1989’da Berlin Duvarı yıkılırken devletler arasında bulunan 10 civarındaki duvar, geldiğimiz küreselleşme çağında gâh açlıktan kırılanları püskürtmek gâh pandemiye karşı liberalizmin esaslarına uygun bir şekilde “Her koyun kendi bacağında asılır.” felsefesiyle 80 civarlarına ulaştırıldı. Sakın ha gizli komünizm örgütlenmesi (!) olmasın? Aman ha, uyanık olmakta yarar var!

Kapitalizmin, komünizme pabuç bırakacak hâli yoktu ya! Toparlanıp kendini yeniden inşa etme sürecine girmeliydi. İyi de kısa zamanda nasıl? Kapitalizmin pis bir huyu vardı. Varlığını, ötekileştirme ve günah keçisi yaratma üzerinde sigortalamaya çalışırdı. Daha kendisini toparlama yöntemlerini düşünme ve planlama aşamasına geçmeden birden ışık çaktı. Yaşlıları “yük” ilan etti. Aslında pandemi öncesi tüm Avrupa’daki nüfus körelmesinden dolayı böyle bir yüksünme hâli yok değildi. Yaşlı, dolayısıyla emekli sayısı çokluğu zaten sosyal güvenlik sistemlerini zorluyordu. Fırsat bu fırsat denilip suçlama nezaketsizce cadı avına dönüştürüldü.

İnsani değerlerle bakınca inanılır gibi değil ama kapitalizm mantığıyla bakılınca inanılır olacağını göreceğimiz ideolojik yansımalar gördük. Buraya açık istihbarat kaynaklarına yansıyan birkaç seçme yaklaşımı almak istiyorum.

Teksas Vali Yardımcısı’nın sözü: “Ekonomiyi kurtarmak için yaşlıların ölmesine ihtiyaç var.”

Bir Çek büyükelçi, AB toplantısındaki dost meclisinde sigarayı bırakma kampanyalarını desteklemekle hata ettiklerini söyler. Böylelikle insanların yaşam sürelerinin çok uzadığını, bunun da emeklilik, sağlık masrafları derken devletlerin sırtına taşınması zor yükler bindirdiğinden dem vurur.

Kimi ülkelerde doktorlara, 80 yaşın üstündeki yaşlıları yoğun bakıma almayın, talimatı verildiği ortaya çıktı. Nasıl olsa iki yıl yaşar yaşamazlar, bunları kurtarmak için ekonomiyi batırmaya değer mi, diyebilmişlerdir.
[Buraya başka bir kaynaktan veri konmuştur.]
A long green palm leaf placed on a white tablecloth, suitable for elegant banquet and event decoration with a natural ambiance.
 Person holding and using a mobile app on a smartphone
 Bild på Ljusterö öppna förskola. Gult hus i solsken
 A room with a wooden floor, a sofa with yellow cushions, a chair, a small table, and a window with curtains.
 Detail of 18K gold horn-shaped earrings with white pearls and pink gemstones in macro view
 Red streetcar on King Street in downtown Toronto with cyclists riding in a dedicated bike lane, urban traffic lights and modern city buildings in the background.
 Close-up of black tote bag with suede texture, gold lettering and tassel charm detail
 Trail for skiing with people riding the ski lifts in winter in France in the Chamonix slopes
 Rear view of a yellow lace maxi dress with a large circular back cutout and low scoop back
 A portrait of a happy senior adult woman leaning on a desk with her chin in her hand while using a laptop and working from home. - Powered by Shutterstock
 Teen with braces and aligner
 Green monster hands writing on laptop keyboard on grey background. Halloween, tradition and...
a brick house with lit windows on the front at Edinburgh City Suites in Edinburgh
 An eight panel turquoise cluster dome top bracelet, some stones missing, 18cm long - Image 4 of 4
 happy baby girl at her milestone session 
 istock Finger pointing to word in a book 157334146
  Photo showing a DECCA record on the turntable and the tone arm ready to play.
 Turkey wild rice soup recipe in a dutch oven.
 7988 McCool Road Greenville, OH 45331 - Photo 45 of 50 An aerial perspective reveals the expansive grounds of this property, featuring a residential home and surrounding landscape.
Kapitalizmin acımasızlık üzerine kurulu ideolojisini anlamak için daha fazla örneklemeye gerek yok. Kapitalist çarkı kısacık bir süre için dahi durdurmanın maliyeti yerine bir kısım insanın canını harcamayı göze almaktan çekinmediler.

TOPLUMSAL GÜNAH KEÇİSİ

Dört başı mamur oturaklı bir kapitalist üretim tarzımız vardı da birden Avrupai kaygılarla mı saldırıya geçtik? Asla! Toplumsal sorunlarda günah keçisi babında bir hedef yaratılınca idareciler yüklerinin azaldığı gibi bir avuntu içine giriyorlar. 65’lik günah keçileri olmasa sanki memleket kökten düzelecekmiş gibi bir hava yaratıldı. Öyle ki deliğe süpürülmesi gereken atık muamelesi yapıldı. Gazetelerde neler okumadık ki? Nevşehir Belediyesi’nin “Yaşlı İhbar Hattı” açtığını, Üsküdar Belediyesi’nin apartman kapısında çıkacak yaşlının önünü açılan kanal fotoğrafı gibi subliminal mesajlı fotoğraflar yayınladığını gördük.

Yaşlılık bir süreçtir ve herkes oraya varacaktır. Yarın sana yapılmasını istemeyeceğin şeyleri şimdiden senin geleceğin yere gelmişlere yapma.

Hani hasletlerimizin en büyüğü küçüklerimizi sevmek büyüklerimizi saymaktı?